How long do you plan to raise them?  It depends on the size you want.  Somewhere between 6 and 8 weeks should do it for Cornish.  I like big birds, so I do 8 weeks, but they are practically the size of small turkeys by then.  By 10 weeks they may have problems from getting too big.

This is very efficient feed with no losses to dust and it is nutrient dense so you can figure on a "feed conversion rate" of around 2.5 to 1 if the weather is decent, more like 3:1 if it is not.  What that translates into is, say you grow a bird to a butcher weight of 7 lbs.  (That's live weight.)   It will eat about 7 x 2.5 lbs. of feed, or about 15-18 lbs. of feed in its lifetime.  Worst case would be 21 lbs., best case, 15 lbs. 

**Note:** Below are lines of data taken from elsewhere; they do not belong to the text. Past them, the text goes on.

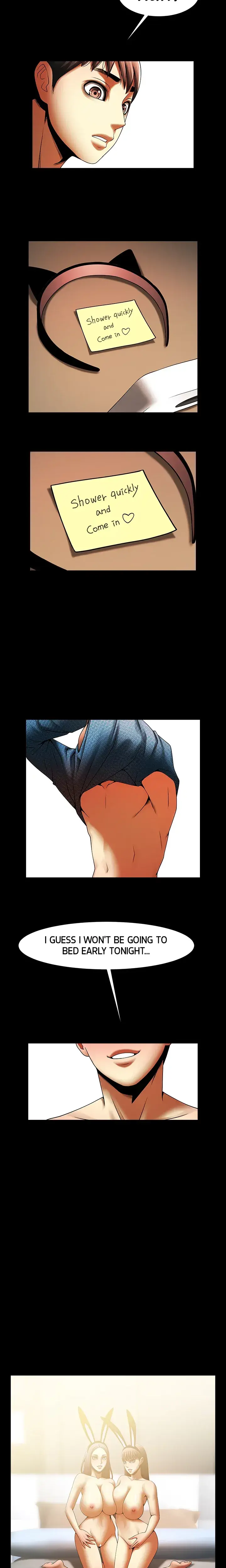 5 Second Sex Delivery Chapter 50 - Page 19
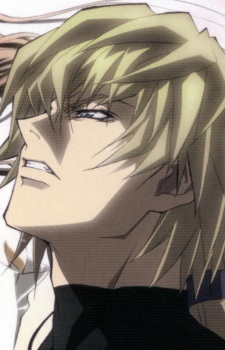 Gambar Karakter Toshiki Uryuu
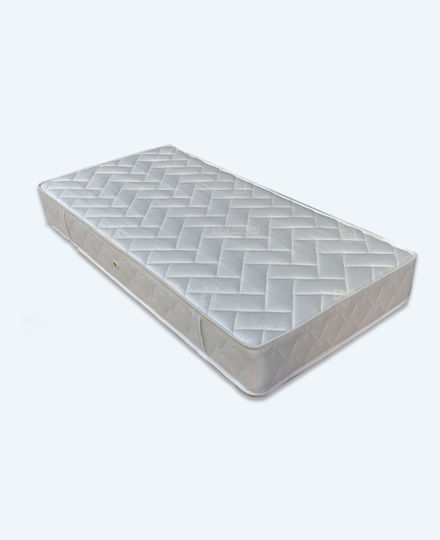 Athens Strom Mini Bonnel Куинсайз Ортопедичен Матрак 160x190x24см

If they were housed in perfect (inside) conditions) the conversion would be more like 2:1, or 14 lbs.  You don't count on the grass for much of their growth.  It's more like salad.  It makes them healthier, it makes them happier and they like to eat it, but it doesn't put much weight on them.  If you like a smaller bird of course it will eat less and be ready younger.

If you had 100 birds, for the season you would use 100 x 18 lbs. = 1800 lbs. of feed (1500-2100).  Fifty birds = 900 lbs., etc.  How big you want them, the weather, etc. all figures in.

 

Q: How about Ranger-type birds?  How much do alternative breeds eat in a pasture model?

A: Figures based on the various alternative breeds are less well studied and less reliable, because of the many differences in management inherent in pasture based systems in different areas, different climates and so on.  The best numbers I have found so far (and I’d love to see more) are from a SARE grant I’ll cite here:

     https://projects.sare.org/project-reports/fnc09-771/

     and the graphs are here: 

     https://cdn.sare.org/wpcontent/uploads/20171204135213/927503sare-charts.docx

My takeaway from their study was that the Rangers were going to have to live longer, and although they ate about the same amount of feed per day as the Cornish, they ate for more days and so came out eating about 30% more by the time they were harvested.  They found that if a Cornish bird used between 15 and 18 lbs. of feed (see above), a Ranger might eat from 19.5 lbs. to 27 lbs.  I did the math myself from their figures, so they are not written in stone, and they are based on extrapolation from their data.   I think those numbers might be a little high.  Chances are, the Rangers will be harvested smaller than the Cornish, so the lower number is probably more accurate.  But between weather, management practices and quality of feed, your mileage is likely to vary quite a lot.

That’s my take on it from what I have seen to date.